Steve Watson
A professor with Rochester Institute of Technology has called for the incarceration of any American who actively disagrees that climate change is solely caused by human activity.
Lawrence Torcello, a philosophy professor with a Ph.D. from the University at Buffalo, published the comments as part of an essay submitted to the academic website The Conversation.
Torcello argues that malignant individuals, who he does not identify, are collectively organising a “campaign funding misinformation” about climate change. Torcello goes on to suggest that such activity “ought to be considered criminally negligent.”
Adding that “science misinformation” surrounding climate change should be considered a crime, Torcello asks readers to “Consider cases in which science communication is intentionally undermined for political and financial gain.”
He then goes on to cite a case in Italy where six scientists were jailed for failing to “clearly communicate risks to the public” about living in an earthquake zone.
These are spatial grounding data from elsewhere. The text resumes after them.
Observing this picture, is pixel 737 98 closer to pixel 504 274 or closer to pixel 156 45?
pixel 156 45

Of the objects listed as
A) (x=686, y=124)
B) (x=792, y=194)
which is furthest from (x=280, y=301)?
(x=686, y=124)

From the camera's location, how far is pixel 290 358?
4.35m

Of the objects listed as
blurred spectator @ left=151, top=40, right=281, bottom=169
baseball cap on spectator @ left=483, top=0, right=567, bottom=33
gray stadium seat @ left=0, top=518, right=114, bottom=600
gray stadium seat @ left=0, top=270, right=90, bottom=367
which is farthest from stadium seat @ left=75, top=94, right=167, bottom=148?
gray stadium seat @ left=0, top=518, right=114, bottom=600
“Imagine if in L’Aquila, scientists themselves had made every effort to communicate the risks of living in an earthquake zone,” Torcello states, asking the reader to consider the consequences if malevolent “financiers” of a “denialist campaign” “funded an organised campaign to discredit the consensus findings of seismology, and for that reason no preparations were made.”
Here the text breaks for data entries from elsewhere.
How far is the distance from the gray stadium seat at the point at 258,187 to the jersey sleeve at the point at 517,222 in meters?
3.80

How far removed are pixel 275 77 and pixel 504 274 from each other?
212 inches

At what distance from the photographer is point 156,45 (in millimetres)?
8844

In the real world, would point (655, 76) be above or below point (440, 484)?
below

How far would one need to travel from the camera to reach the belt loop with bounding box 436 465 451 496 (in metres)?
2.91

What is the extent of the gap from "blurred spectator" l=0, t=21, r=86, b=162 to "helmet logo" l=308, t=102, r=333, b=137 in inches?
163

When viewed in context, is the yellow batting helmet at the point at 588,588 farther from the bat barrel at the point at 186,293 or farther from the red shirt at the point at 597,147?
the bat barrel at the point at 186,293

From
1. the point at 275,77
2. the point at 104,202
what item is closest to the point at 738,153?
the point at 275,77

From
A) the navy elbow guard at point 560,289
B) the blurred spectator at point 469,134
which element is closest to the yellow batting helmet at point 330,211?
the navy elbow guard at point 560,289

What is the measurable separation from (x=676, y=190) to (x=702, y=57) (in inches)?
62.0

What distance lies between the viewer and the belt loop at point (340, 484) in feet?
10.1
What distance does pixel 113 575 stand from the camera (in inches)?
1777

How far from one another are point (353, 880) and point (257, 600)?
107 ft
“I submit that this is just what is happening with the current, well documented funding of global warming denialism,” Torcello asserts.
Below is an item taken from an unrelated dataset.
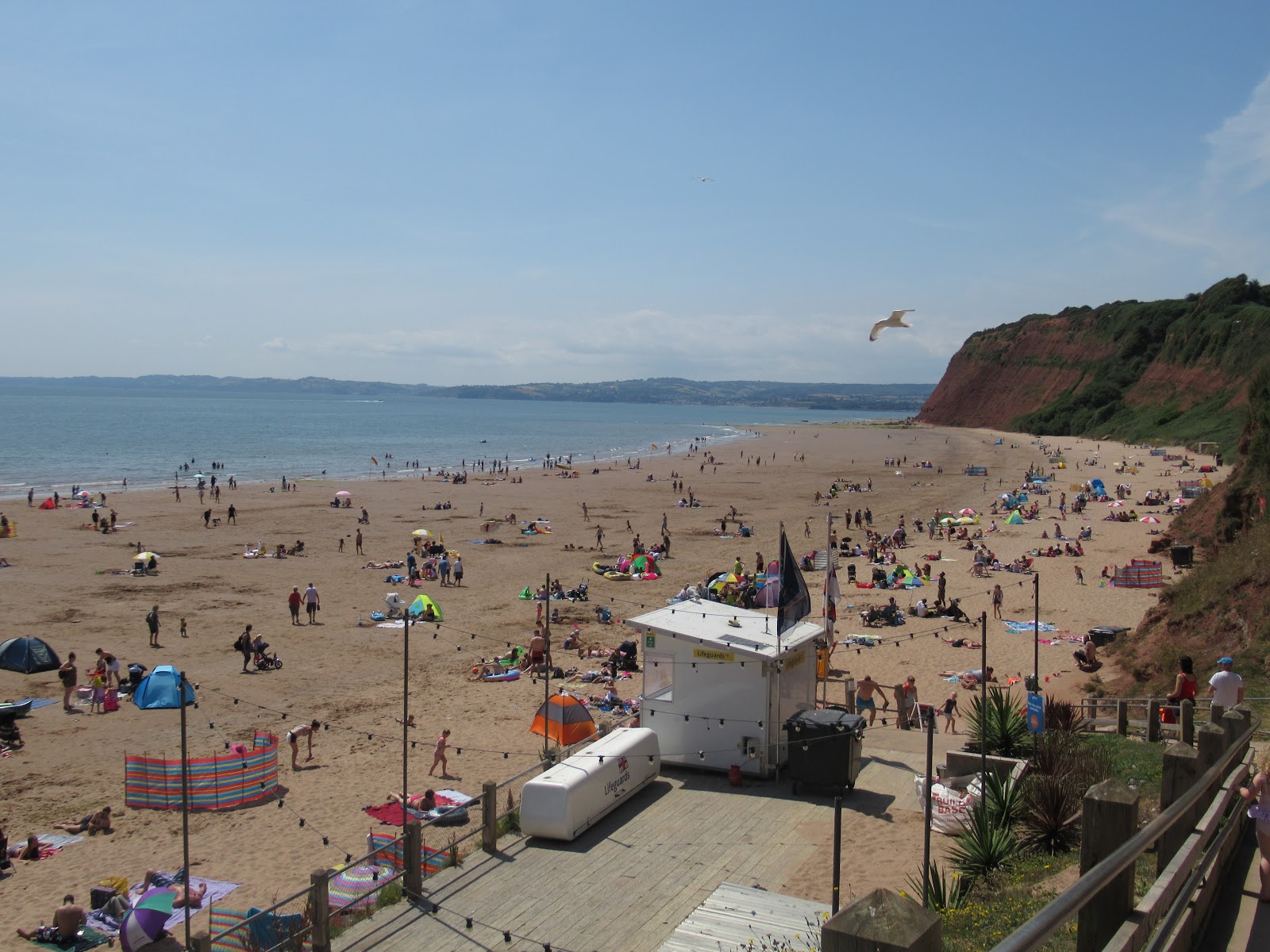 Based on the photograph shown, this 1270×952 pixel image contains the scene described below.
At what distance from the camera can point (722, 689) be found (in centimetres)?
1324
“Climate denial remains a serious deterrent against meaningful political action in the very countries most responsible for the crisis.” the professor adds.
Torcello also addresses the fact that his demands clearly run in opposition to protected free speech under the First Amendment, and as part of other nations’ laws, calling for legal systems to be “updated” by governments.
“We must make the critical distinction between the protected voicing of one’s unpopular beliefs, and the funding of a strategically organised campaign to undermine the public’s ability to develop and voice informed opinions,” he writes.
According to a Gallup poll conducted earlier this month, two thirds of Americans do not believe that the colder temperatures the country has been experiencing is related to human-caused climate change or global warming, (see video above) instead believing that normal seasonal variations are at play.
The “scientific consensus” on the matter says that human activity is a factor in temperature changes, thus under Torcello’s “updated” law, two thirds of Americans would be at risk of being deemed as criminals for expressing these beliefs.
Torcello’s America would also see countless scientists thrown into prison for continually presenting evidence that shows there is no scientific evidence that human activity is causing the planet to warm. The latest to be locked up would be Greenpeace co-founder Patrick Moore, who testified in front of a Senate committee last month that “There is no scientific proof that human emissions of carbon dioxide (CO2) are the dominant cause of the minor warming of the Earth’s atmosphere over the past 100 years.”
Moore cited the IPCC’s own figures on global warming which show only a 0.57C temperature increase during the 30-year period from 1970 to 2000. Since then there has been no increase, perhaps a slight decrease, in average global temperature.
Furthermore, the latest temperature data from two U.S. government bureaucracies, NASA and NOAA, verifies that the “pause” or “hiatus” in global warming is still ongoing. If professor Torcello had his way, the scientists involved in those studies would presumably also be imprisoned.